Do you think the world would be using the term InfoSpace (as a synonym for the world’s internet) if it was called that instead of cyberspace?
William Gibson, the author of Neuromancer, coined the term cyberspace, a word that’s become part of our modern lexicon and cultural identity. Some of his first choices, scribbled on his legal pad and then crossed out, were InfoSpace and DataSpace. He ultimately chose cyberspace because he thought it just sounded a lot cooler, and like it really meant something.
At the time he coined it, while writing the proto-Neuromancer short story collection, Burning Chrome, he had no idea what cyberspace should actually mean. But, armed with a term so pregnant with possibility, he imagined a world that such a word might represent. And he wrote himself right into history.
As the story goes, William Gibson’s main inspiration for cyberspace came from his encounters with early video game arcades. He would see young gamers hunched over these giant, colorfully-painted plywood cabinets, lined up in rows along walls in an arcade. He’d marvel at the intensity of the players, their body language, their seeming desire to enter the noisy, wireframe worlds on the other side of their CRTs. He imagined each of these consoles as being a data domain in a vast sea of similar domains, “data cowboys” floating from one domain to the next. The seed for his cyberspace was planted.
The idea for the “cyberdecks” that would be used in his stories to mentally “jack in” to cyberspace was inspired by a bus stop ad he saw for the early “portable” Apple IIc computer.
It is from these unlikely origins that we now live in “cyberspace” and “cyber” has become a promiscuous prefix, attached to anything and everything related to computers and the internet. It is even now used by the law enforcement/intelligence communities as shorthand for security, data, and hearts and minds warfare in the online world. “We need to devote more money and personnel to Cyber.” Ugh.
As you may already know, the prefix cyber is short for cybernetics. While it is used as if it’s synonymous with computers, it is not. Cybernetics (from the Greek kybernḗt(ēs), for steersman, pilot, rudder) is the study of feedback, communication, and control in any type of system, be it technological or biological. The term emerged at the end of WWII around the effort to create guided missiles that used dynamic positional feedback for course correction. Cybernetic feedback loops are obviously a huge part of global computer networks, but they are not the same thing.
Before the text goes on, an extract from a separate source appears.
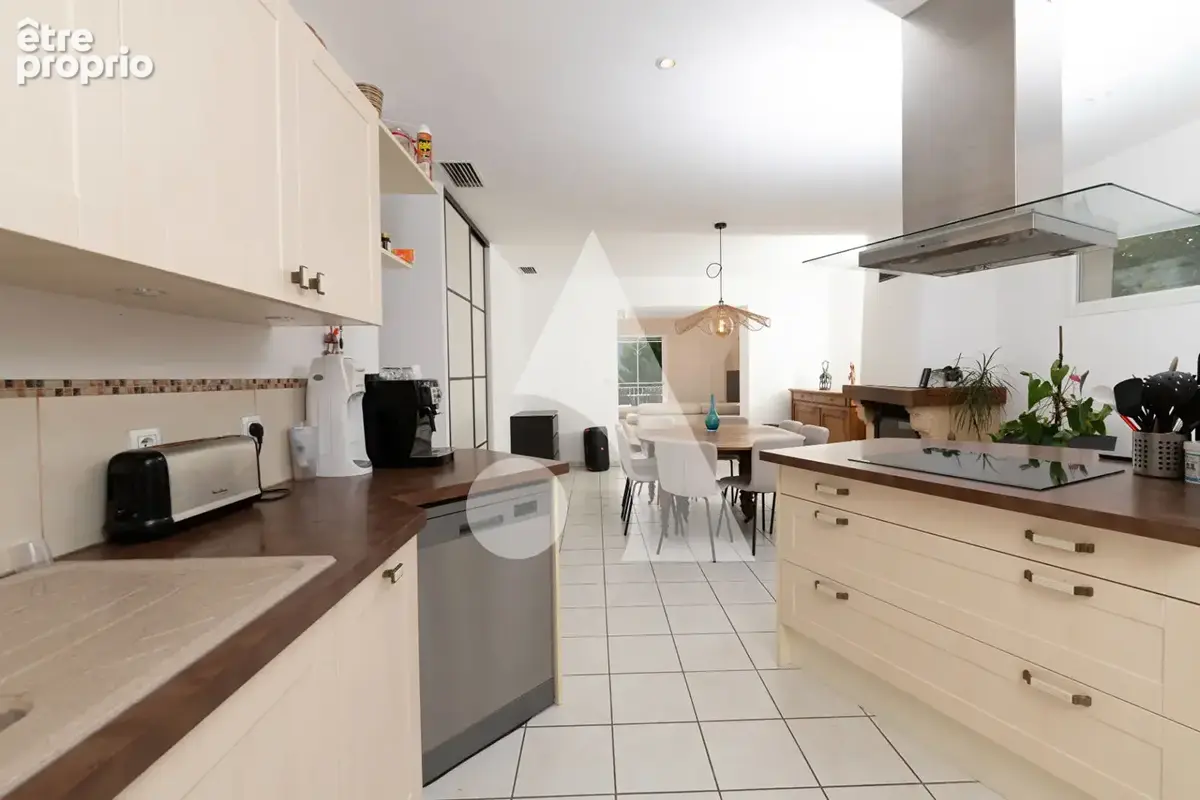 Auriol, moulin du redon, villa 136 m², 4 chambres, piscine, vue dégagée - photo 10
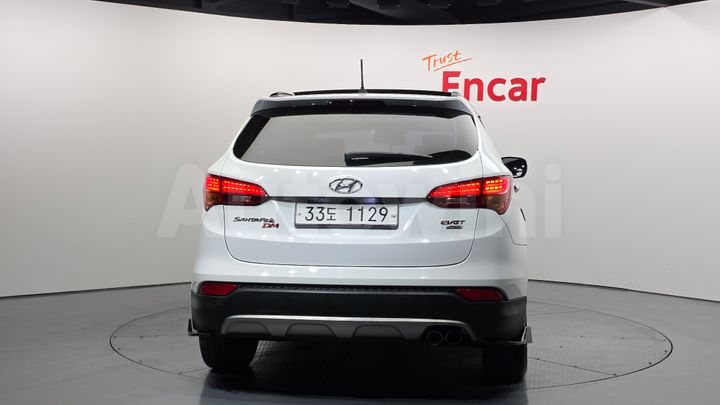 Hyundai SantaFe 2014 — 4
William Gibson said that he chose the word, and other computer-related terms used in his novels, as poetry, texture, not as technical terms (he knew nothing about computers at the time). He then wove this techno poetry into his fiction to give it a more resonant sense of reality. And that techno-poetic fiction ended up shaping part of the modern world.
In this video, William Gibson talks to a Sony human augmentation engineer about the origins of cyberspace.
Holy crap?! Finding out that the Apple //c as the literal progenitor of the cyberdeck just blew my mind… I was lucky enough to be given one with a modem when they first came out. Fast forward to the late 80’s and I had a modem duct taped to the top, with the terminal software floppy permanently in the built-in drive, a Radio Shack handheld TV, and a lead acid battery… As a 13 year old, I had no concept of how much money any of this had cost. It was just stuff I had…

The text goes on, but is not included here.